Global Economy Between Inflation Stability and New Risks

Daily News Report – September 25

 

The global economic arena is witnessing overlapping developments: stable Eurozone inflation figures, Steven Miran’s appointment to the U.S. Federal Reserve, and Christine Lagarde’s warnings of a comeback of financial risks in new shapes. These simultaneous events highlight the challenges monetary policymakers face amid market pressures and changes in the global economic system.

 

Eurozone Inflation Holds at 2% for Third Month.

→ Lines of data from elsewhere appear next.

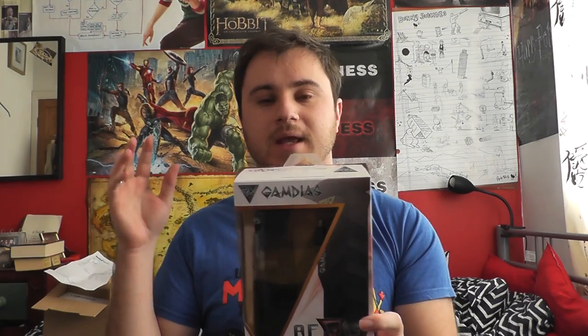Hello and welcome everyone, Lionheart here, and today I am looking at the Gamdeus Agus. It is a USB hub and headset hanger. The term on the box is 'multi-function gaming set.'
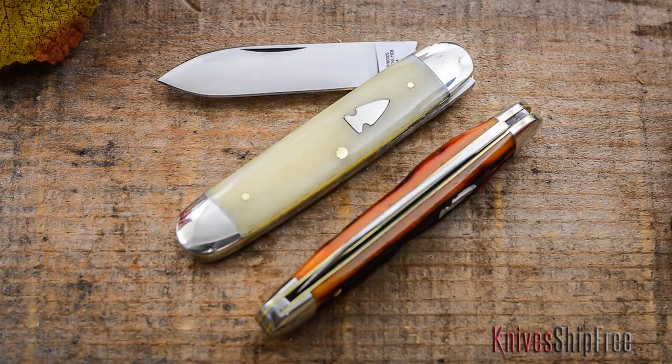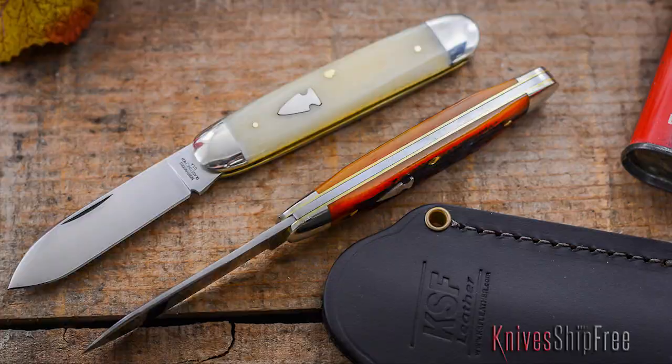Second thing, I like how thin this knife is. For such a thick guy, I sure do like thin knives. I want a knife that rides in my pocket without weighing down my pants. I want a knife that I can carry in my pocket and still have room for all the other junk that I put in my pocket, and this knife allows that.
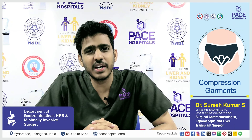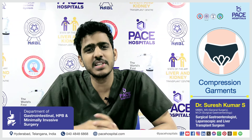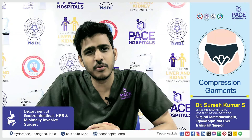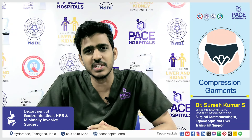Scrotal support is advised for at least two to three weeks post surgery. Seroma is nothing but a collection of fluid within the potential space in the scrotum. By providing external compression with the help of scrotal support, I can decrease the prevalence of this complication after surgery.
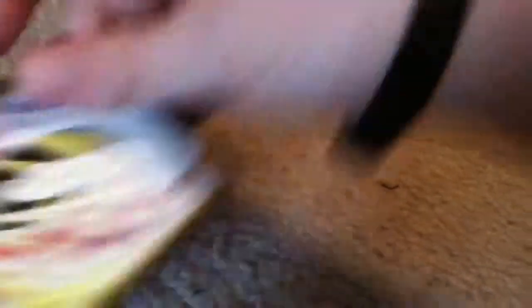Let me open them real quick. Now I've got them open. Let's look at the cards: Tuscarang, Crossbolt, and Blastick Reaper.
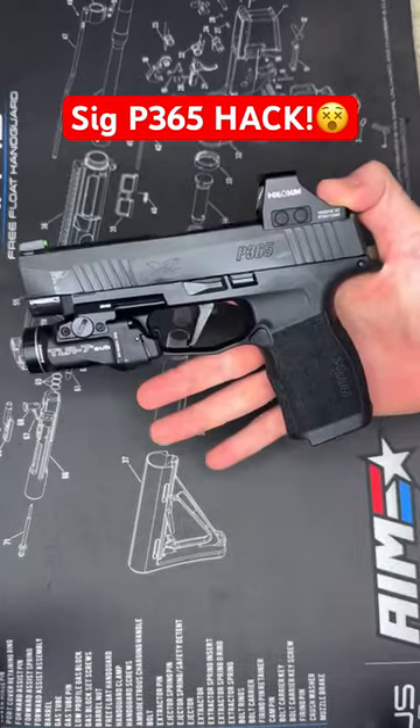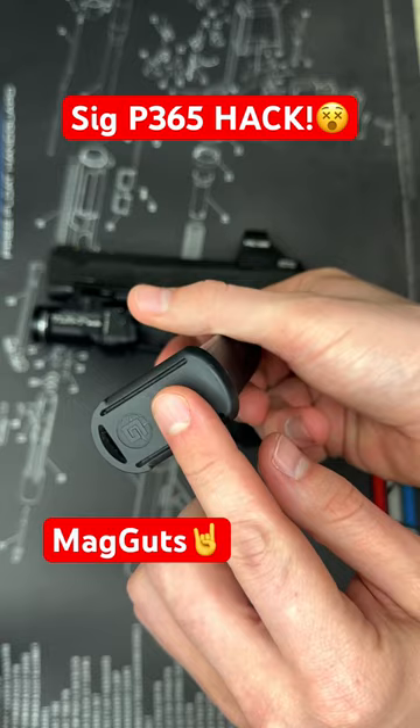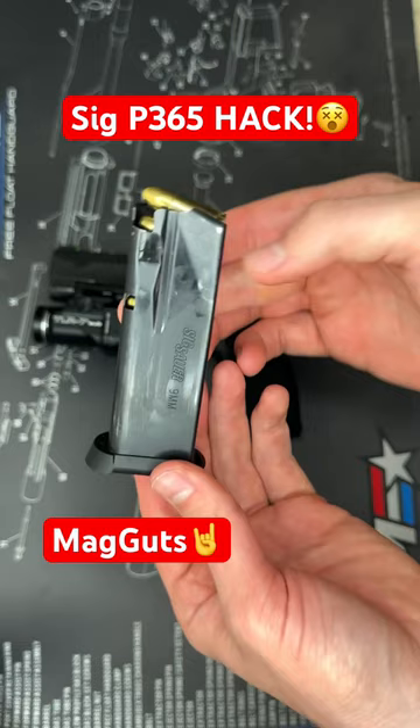Here's my P365XL. From the factory, this just takes the stock Sig Sauer 12-round magazines as seen here, but I found this cool company called MagGuts, which lets you replace the internal spring, the follower, as well as the base plate, and instead of holding 12, it now holds two additional rounds.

Global Economy Between Inflation Stability and New Risks

Final data from Eurostat on Wednesday confirmed that the Eurozone inflation rate remained steady at 2% in August for the third consecutive month, matching the European Central Bank’s target and slightly below the preliminary estimate of 2.1%.
Core inflation, excluding food and energy prices, remained 2.3%, unchanged from earlier estimates.
The lowest inflation rates were recorded in Cyprus (0.0%), France (0.8%), and Italy (1.6%), while the highest were in Estonia (6.2%) and Croatia (4.6%).
The report noted that the services sector contributed the most to the annual inflation reading, adding 1.44 percentage points.

 

Trump Appoints Steven Miran to the Federal Reserve

Global Economy Between Inflation Stability and New Risks

U.S. President Donald Trump signed the decision to appoint Steven Miran as a new member of the Federal Reserve Board of Governors, stressing the importance of maintaining the central bank’s independence from political pressure.
The announcement came ahead of the Federal Open Market Committee meetings that will set the path for interest rates in the coming period.
Trump stated that choosing Miran—currently Chairman of the Council of Economic Advisers—reflects the administration’s commitment to supporting independent and balanced monetary policy.
With the presidential signature, Miran will officially participate in the Fed’s closely watched meetings for the first time.
His entry comes at a sensitive time as investors await the committee’s decision on interest rates amid slowing global economic growth.
Expectations are split between a 25-basis-point cut or a larger 50-basis-point move, increasing the weight of his vote.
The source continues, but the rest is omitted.